The bookstore initially refused to sell me textbooks, I had to show an ID to be served in the cafeteria and the first time I went swimming on campus, they kicked everyone out of the pool and drained it.
That night we had a dorm meeting, and when I walked into the auditorium I was determined not to sit in the back. I finally picked out a row and sat down. Everyone on the row got up and moved (this became common—no one sat on the same row in my classes for the first two years).
The four guys sitting in front of me turned around. One said, “You are a freshman?” “Yes,” I said. “Well, we are too, can we sit with you?” These became my closest friends from the very first day. They introduced me to their other friends and Westminster House, where I could study in peace. They encountered more harassment than I—even though my windows were broken every night and my room set on fire twice. Yet they never wavered in their friendship. It was as if God said, “Harold, sit there.”

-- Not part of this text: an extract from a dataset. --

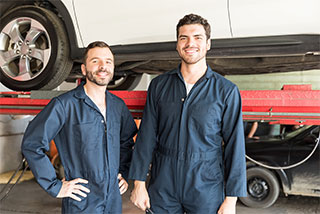 Two smiling auto mechanics in blue coveralls standing in a garage with a car on a lift.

—Harold A. Black is the Smith Professor of Finance at the University of Tennessee.
Out of control
by Carolyn Kelley Hatcher (AB '61)
I served on Women’s Student Government Association that year, and Ms. Hunter-Gault was given the WSGA suite in Center Myers (where I had been living). I well remember the riot... very, very scary. She appeared a very frightened young lady, as well she should have been. People were mean, angry, loud, very emotional and out of control. She handled herself well.
The women students had to be put on restriction that week, no nights out past 5... they were extremely angry at the WSGA and Dean of Women for this. But it was dangerous to be out in Athens.
Looking back, we as students were very afraid our university was to be closed, and some of us were near graduation. Of course, desegregation was the right thing... we selfishly were thinking of our own lives and future, however. I had my parents call the governor’s office to tell him not to close UGA... for my own reasons, I suppose, at that time... [Hunter-Gault and Holmes] were two very, very brave and courageous people.”
—Carolyn Kelley Hatcher retired in March 2009 after 30 years as Dougherty County elections supervisor.